Dear Readers,
Today marks the 40th anniversary of The Independent Florida Alligator’s, well, independence. Our first issue hit the stands Feb. 1, 1973, debuting a publication that has since seen the Gators win three national football championships, six UF presidents lead the university and the population of Gainesville nearly double in size.
Forty years ago, there was no Internet, no cellphones and no iPads. The Student Government reporter didn’t send out live updates from Senate meetings because Twitter was decades from being invented. Stories were punched out on typewriters as production workers designed pages by hand.
As the pervasive digital world has increasingly changed journalism, the Alligator has evolved. Today, we see story ideas on Facebook, edit our articles in Google Docs and create layouts in Adobe InDesign. We are not the same paper we were 40 years ago.
But make no mistake: Our independence is more crucial than ever.
Being independent isn’t about bashing university administrators or printing curse words. It’s not a gimmick, it’s not a liberal agenda and it’s not a superiority complex.
The Alligator’s independence is so vital because it enables us to serve our readers the best way we know how.

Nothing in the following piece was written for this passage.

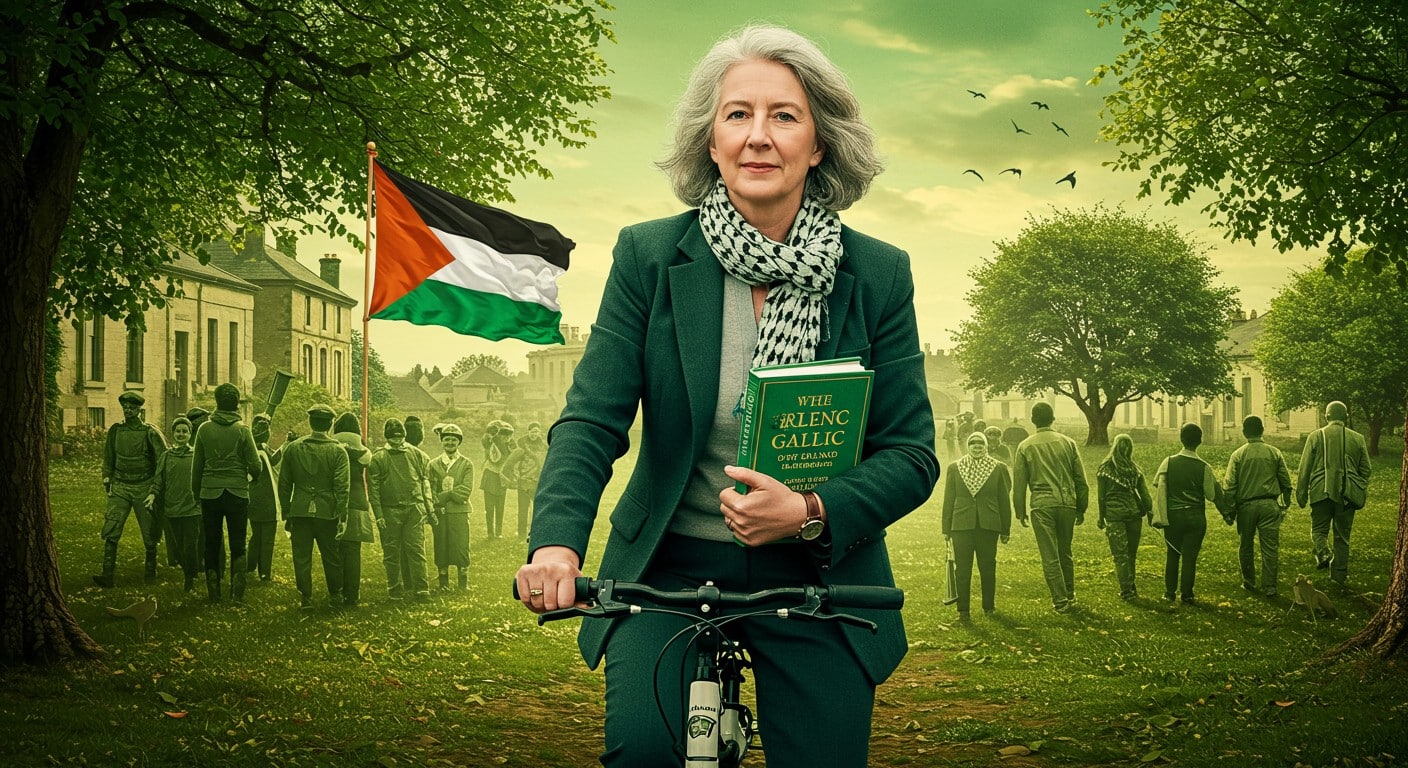 Découvrez Catherine Connolly, nouvelle présidente de l’Irlande, propalestinienne et défenseure de la neutralité. Portrait d’une leader atypique.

Independence allows us to deliver honest reporting that casts a critical eye on university ongoings, city events and global news. No subject is off-limits. We have the freedom to investigate, experiment and — most of all — inform.
When you read the Alligator, you know where the content is coming from. All of our reporters and editors are students. We pour our hearts and souls into every single edition, which means working too much, staying at the office too late and drinking too much coffee.
When our predecessors separated from the university all those years ago, they might have been young, but they knew exactly what they were doing. They were giving us the power to operate as our own entity, to cover news as we saw fit, to make mistakes and have to deal with them.
There’s no one over us. Nobody is dictating what we can and cannot print, and that’s often a positive and negative thing — at the same time. People hate us, people love us, but we hope all those people know we’re trying our damndest to do the right thing.
We appreciate our independence because it holds us even more accountable to you, the readers. You deserve to know what’s really going on in your community without sugarcoating or ulterior motives. You deserve a newspaper that’s committed to giving you the facts, whether they’re good, bad or ugly.
The Alligator staff of 1973 did not believe in censorship, and neither does that of 2013.
And for the next 40 years, and the 40 after that, and the 40 after that, we’re going to keep working with this history in mind. After all, they say the elder years are always the most fun.